Homestead Hebrews

 Standing on the Homestead street where my great-grandfather lived after immigrating (c) 2015, Pittsburgh Post-Gazette, all rights reserved. Reprinted with permission.

Standing on what’s left of the Homestead’s first Jewish neighborhood. (c) 2015, Pittsburgh Post-Gazette, all rights reserved. Reprinted with permission.

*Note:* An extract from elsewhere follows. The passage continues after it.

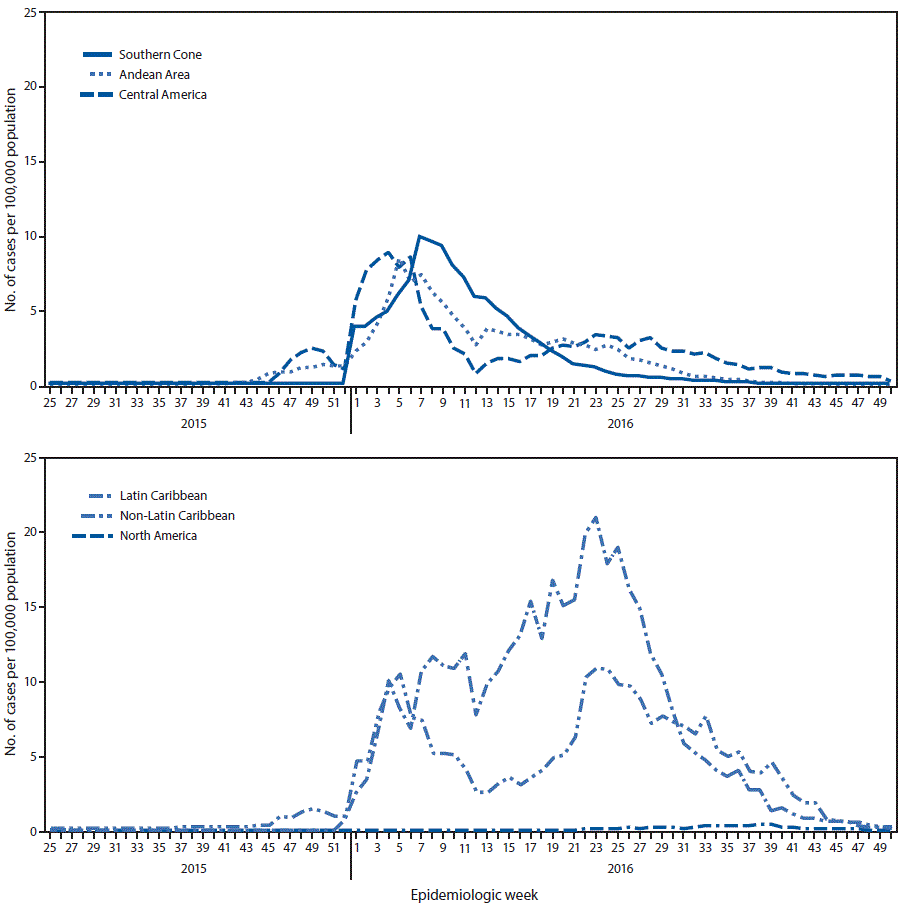 m6612a4f2.gif The figure above is a two-panel line graph. The top panel shows the rate of suspected and confirmed cases of Zika virus disease per 100,000 population in three subregions of the Region of the Americas during May 2015âDecember 2016. The bottom panel shows the rate in three other subregions.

I am the great-granddaughter of Bernhardt Hepps (1895-1949), a Hungarian immigrant who helped found Homestead, Pennsylvania’s synagogue and Jewish cemetery.  Growing up in far-away New Jersey, I was captivated by my father’s stories about Bernhardt and his shul.  In 2014 I moved to Pittsburgh to research his community full-time for a year.  What I discovered was that in the dozens of books and articles about Homestead—world-famous because of its 1892 labor dispute—you’d never known that Homestead once had a thriving Jewish community.  Instead of returning to my former life as a technology executive in New York City, I resolved to stay in Pittsburgh to tell the story of this community and its significant contributions.

From the start, I have been sharing my findings online with descendants of Homestead’s Jewish community and other interested readers via HomesteadHebrews.com.  Please use the links below to learn more about this project.

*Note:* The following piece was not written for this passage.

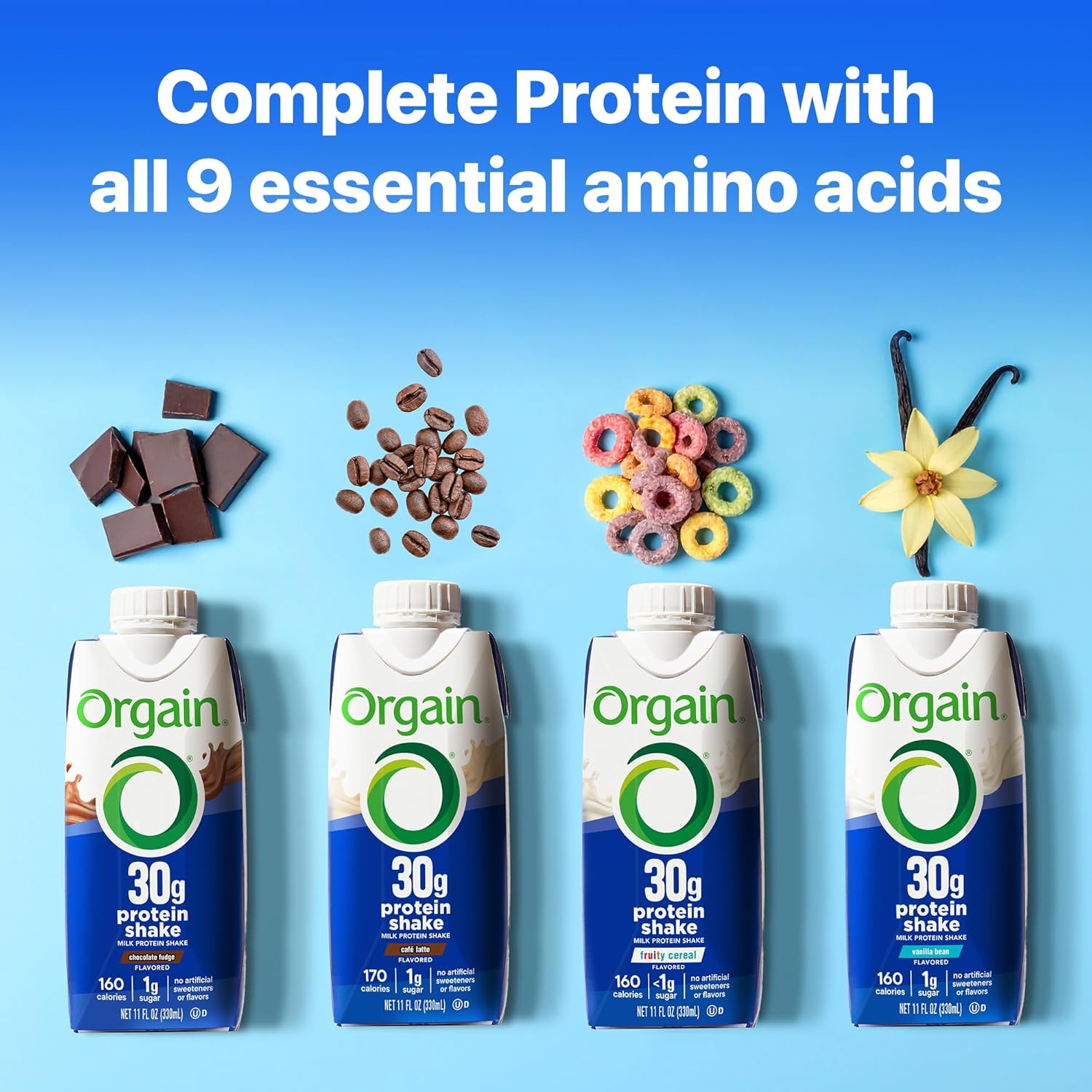 Orgain 30g High Protein Shake, Dairy Isolate Milk Protein, Chocolate Fudge, 6g BCAAs, 1g Sugar Per Serving, Meal Replacement, Ready to Drink, Keto Friendly, Gluten-Free 11 Fl Oz (Pack of 12) - Image 6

  • Statement of Purpose for the project
  • Chronology of the community’s history
  • Exhibits of documents and artifacts related to particular aspects of the community’s history
  • Essays about individuals, families, and organizations of note

In order to manage the volume of data I am collecting for this project, my research spawned two technology sub-projects, Homestead Hebrew Data and Homestead Hebrew Maps.

My ultimate goal is to write a history of the community’s first four decades, not only to demonstrate the role that technology can play in the production of otherwise unmanageable histories, but also to ensure that the Jewish story in Homestead’s history will be properly incorporated after a century of being overlooked.